I recently got whitelisted for this feature and have had a blast taking it for a test run on both portrait (picture-in-picture like FaceTime) and landscape (side-by-side).
#11: Choose the Right Person to Appear in the Video
Who in your company or on your team has a great personality for the camera? Ask for input. You may be pleasantly surprised to find you have a total rockstar “TV-personality” waiting to be born. Having someone represent your business who’s excellent on camera, engaging, and natural can make all the difference to your video success. That person can become a familiar recurring “character” in stories about your company.
#12: Schedule or Announce Your Live Video to Build an Audience Before You Go Live
Map out a plan for videos and Facebook Live that’s tied to your business goals, and use the scheduling feature to build an audience ahead of time for your Live broadcasts. Scheduling works with third-party tools as you need to grab the stream key. Hopefully, as Live for desktop evolves, Facebook will sooner or later bring the scheduling ability to native Live and not just via third parties.
Meanwhile, one of the easiest tools I’ve found to schedule and broadcast Facebook Live on desktop is BeLive.tv. With just a couple of quick clicks, your Live video is scheduled with the description posted to your page (or whatever destination you choose; e.g., profile, page, group). Then to actually do your Live, it’s just another quick click and voila. No messing with stream keys.
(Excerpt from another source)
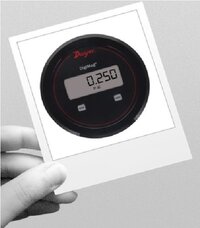 Dwyer Dm-003 Digimag Differential Pressure Transmitter Range 0-0.5 Inch Wc - Color: White/black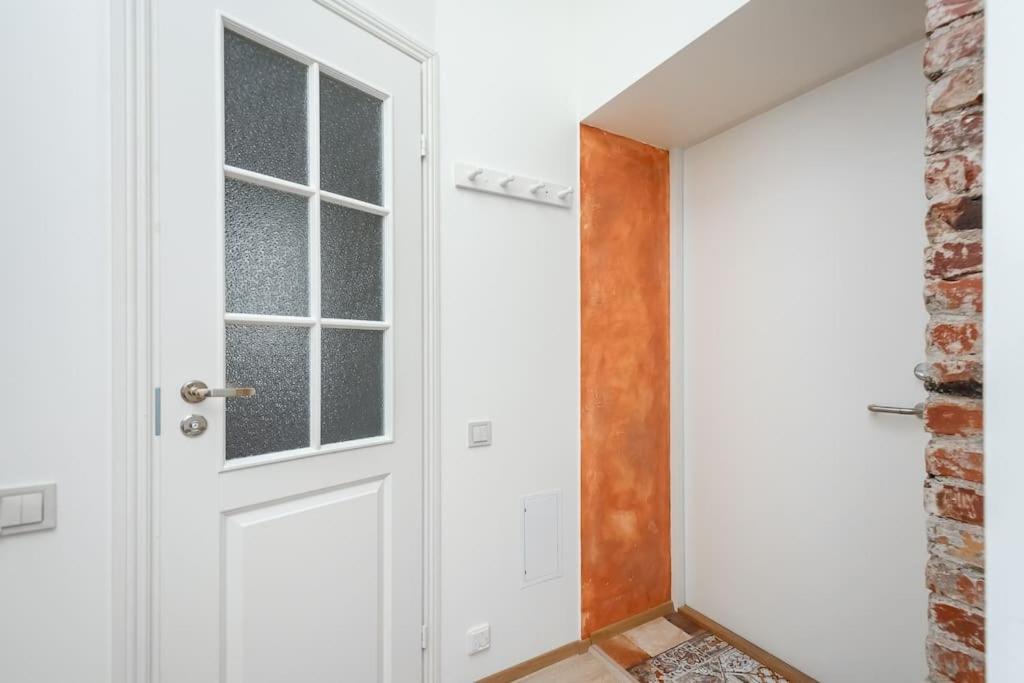 Cozy Studio Apartment Tallin Exterior foto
#13: Consider Influencer Videos
You might approach thought leaders and influencers within your industry or a related industry and see if they would be willing to broadcast Facebook Live videos and/or record video content for you. If they have the Branded Content feature on Facebook, they’ll need to use that. It’s a wonderful win-win way to leverage reach and engagement to a wider audience.
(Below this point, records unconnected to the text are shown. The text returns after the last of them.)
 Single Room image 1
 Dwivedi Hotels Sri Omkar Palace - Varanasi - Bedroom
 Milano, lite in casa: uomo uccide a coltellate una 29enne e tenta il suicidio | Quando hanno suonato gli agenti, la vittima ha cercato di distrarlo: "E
#14: Use Follow-Up Q&As to Amplify Your Reach
Be sure to follow up on your videos and engage viewers by answering questions.
For example, when I do a Facebook Live Q&A broadcast, even though I’ve already answered most questions in the comments on the live broadcast, my team and I go back and write replies to as many questions as possible in the comments before I promote the post. That extra step allows new viewers who may not watch much of the video to simply skim the comments and read the questions with answers.